_Directions_:
The answer must consist only of the lines from the line with "Cormorant Bold Italic" to the line with "Swing Egg Chair", both included, exactly as they stand below.
───── Data excerpts
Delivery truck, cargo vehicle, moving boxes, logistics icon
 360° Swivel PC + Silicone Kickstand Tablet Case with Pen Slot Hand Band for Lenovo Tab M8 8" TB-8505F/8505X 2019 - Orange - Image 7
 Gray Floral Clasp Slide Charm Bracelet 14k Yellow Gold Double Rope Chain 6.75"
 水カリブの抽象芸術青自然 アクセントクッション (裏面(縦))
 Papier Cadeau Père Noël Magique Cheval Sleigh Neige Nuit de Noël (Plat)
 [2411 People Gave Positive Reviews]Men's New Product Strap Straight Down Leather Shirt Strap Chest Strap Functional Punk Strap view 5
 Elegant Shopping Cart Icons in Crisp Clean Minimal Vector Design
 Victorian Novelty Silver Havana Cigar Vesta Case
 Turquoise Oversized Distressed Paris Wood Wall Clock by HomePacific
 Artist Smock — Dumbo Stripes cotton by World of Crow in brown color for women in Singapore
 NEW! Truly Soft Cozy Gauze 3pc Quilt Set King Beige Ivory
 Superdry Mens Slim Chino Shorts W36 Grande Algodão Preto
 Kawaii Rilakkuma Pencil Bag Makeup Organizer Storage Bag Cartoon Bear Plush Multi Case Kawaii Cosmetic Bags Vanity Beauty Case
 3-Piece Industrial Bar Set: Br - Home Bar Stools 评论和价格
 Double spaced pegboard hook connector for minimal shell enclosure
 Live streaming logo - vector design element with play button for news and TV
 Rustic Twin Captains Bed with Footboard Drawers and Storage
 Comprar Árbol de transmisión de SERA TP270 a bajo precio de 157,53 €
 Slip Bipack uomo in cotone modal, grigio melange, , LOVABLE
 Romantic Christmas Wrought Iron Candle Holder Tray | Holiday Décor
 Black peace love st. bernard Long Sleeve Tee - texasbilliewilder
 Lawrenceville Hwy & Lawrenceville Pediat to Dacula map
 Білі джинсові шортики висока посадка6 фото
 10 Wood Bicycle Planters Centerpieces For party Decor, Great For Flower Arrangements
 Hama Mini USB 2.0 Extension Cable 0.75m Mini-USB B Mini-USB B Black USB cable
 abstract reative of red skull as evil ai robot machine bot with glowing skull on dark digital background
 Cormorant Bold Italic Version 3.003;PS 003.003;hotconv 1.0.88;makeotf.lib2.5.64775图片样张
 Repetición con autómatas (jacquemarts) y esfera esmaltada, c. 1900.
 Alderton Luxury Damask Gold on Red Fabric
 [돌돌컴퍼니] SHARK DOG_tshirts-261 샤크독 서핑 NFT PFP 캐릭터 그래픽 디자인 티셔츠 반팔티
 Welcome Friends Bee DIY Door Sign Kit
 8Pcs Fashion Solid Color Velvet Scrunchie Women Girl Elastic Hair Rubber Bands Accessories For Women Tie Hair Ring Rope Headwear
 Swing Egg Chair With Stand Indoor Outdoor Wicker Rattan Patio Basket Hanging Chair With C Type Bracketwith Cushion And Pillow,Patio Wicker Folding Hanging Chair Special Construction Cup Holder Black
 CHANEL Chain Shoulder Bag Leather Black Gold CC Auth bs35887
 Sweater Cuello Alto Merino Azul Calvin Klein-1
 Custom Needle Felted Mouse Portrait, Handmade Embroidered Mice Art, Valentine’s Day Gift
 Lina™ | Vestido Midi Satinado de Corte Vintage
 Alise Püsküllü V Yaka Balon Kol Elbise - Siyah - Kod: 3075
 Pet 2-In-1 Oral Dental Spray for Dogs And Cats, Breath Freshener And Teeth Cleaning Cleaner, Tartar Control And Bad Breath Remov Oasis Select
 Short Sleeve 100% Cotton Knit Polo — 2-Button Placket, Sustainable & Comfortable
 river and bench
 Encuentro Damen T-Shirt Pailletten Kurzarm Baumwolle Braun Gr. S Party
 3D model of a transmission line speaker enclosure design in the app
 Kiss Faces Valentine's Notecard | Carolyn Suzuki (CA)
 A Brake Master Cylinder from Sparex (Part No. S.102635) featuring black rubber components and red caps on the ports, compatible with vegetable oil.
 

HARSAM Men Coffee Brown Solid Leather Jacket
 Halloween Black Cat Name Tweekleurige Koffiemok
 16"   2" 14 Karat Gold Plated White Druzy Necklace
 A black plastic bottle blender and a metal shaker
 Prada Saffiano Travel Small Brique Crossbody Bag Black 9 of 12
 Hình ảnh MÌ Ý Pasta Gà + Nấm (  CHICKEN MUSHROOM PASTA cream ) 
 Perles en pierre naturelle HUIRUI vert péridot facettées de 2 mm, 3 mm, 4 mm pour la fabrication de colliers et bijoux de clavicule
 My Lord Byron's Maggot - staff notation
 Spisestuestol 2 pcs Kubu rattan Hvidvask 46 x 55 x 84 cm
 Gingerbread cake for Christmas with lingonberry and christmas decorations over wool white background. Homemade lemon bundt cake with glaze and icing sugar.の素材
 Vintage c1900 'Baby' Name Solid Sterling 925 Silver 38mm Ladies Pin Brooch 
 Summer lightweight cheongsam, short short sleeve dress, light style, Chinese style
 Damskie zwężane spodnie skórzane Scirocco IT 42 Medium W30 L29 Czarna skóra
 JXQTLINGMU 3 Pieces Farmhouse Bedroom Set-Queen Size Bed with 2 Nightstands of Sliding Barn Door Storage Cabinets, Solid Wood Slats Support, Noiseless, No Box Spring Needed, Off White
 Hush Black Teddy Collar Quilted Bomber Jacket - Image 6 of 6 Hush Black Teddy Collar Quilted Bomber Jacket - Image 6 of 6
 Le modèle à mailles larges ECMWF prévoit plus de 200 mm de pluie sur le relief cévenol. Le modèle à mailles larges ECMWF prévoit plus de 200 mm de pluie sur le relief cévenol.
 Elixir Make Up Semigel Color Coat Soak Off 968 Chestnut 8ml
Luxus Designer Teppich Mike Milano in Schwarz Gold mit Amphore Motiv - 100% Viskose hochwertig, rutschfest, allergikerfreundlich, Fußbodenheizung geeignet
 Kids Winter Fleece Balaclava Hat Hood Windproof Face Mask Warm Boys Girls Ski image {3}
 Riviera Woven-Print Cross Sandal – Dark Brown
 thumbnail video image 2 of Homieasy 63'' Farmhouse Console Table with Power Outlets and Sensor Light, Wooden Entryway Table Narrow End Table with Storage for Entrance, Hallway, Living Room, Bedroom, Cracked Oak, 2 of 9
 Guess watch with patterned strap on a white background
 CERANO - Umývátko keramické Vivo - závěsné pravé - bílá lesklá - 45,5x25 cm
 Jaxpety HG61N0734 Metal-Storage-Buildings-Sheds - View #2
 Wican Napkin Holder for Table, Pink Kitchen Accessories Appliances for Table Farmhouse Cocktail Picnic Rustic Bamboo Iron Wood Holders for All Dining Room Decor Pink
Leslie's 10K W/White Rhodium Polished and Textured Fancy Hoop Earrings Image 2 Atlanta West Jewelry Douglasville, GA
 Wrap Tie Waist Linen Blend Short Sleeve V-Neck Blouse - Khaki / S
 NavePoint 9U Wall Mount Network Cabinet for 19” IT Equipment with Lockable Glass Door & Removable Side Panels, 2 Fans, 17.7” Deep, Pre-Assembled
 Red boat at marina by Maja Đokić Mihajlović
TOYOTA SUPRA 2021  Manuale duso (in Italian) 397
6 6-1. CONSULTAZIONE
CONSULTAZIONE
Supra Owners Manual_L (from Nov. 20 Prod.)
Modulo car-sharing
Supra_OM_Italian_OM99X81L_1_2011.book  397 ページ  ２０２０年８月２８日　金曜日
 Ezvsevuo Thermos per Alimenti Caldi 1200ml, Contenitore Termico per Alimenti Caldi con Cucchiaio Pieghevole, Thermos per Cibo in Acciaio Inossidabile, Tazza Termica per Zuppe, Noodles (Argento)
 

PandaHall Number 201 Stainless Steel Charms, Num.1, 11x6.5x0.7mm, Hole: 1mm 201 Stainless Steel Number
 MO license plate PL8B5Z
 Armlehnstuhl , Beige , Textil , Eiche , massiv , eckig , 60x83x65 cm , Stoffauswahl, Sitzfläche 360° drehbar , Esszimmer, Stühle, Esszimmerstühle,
──────────
_Worked solution_:
 Cormorant Bold Italic Version 3.003;PS 003.003;hotconv 1.0.88;makeotf.lib2.5.64775图片样张
 Repetición con autómatas (jacquemarts) y esfera esmaltada, c. 1900.
 Alderton Luxury Damask Gold on Red Fabric
 [돌돌컴퍼니] SHARK DOG_tshirts-261 샤크독 서핑 NFT PFP 캐릭터 그래픽 디자인 티셔츠 반팔티
 Welcome Friends Bee DIY Door Sign Kit
 8Pcs Fashion Solid Color Velvet Scrunchie Women Girl Elastic Hair Rubber Bands Accessories For Women Tie Hair Ring Rope Headwear
 Swing Egg Chair With Stand Indoor Outdoor Wicker Rattan Patio Basket Hanging Chair With C Type Bracketwith Cushion And Pillow,Patio Wicker Folding Hanging Chair Special Construction Cup Holder Black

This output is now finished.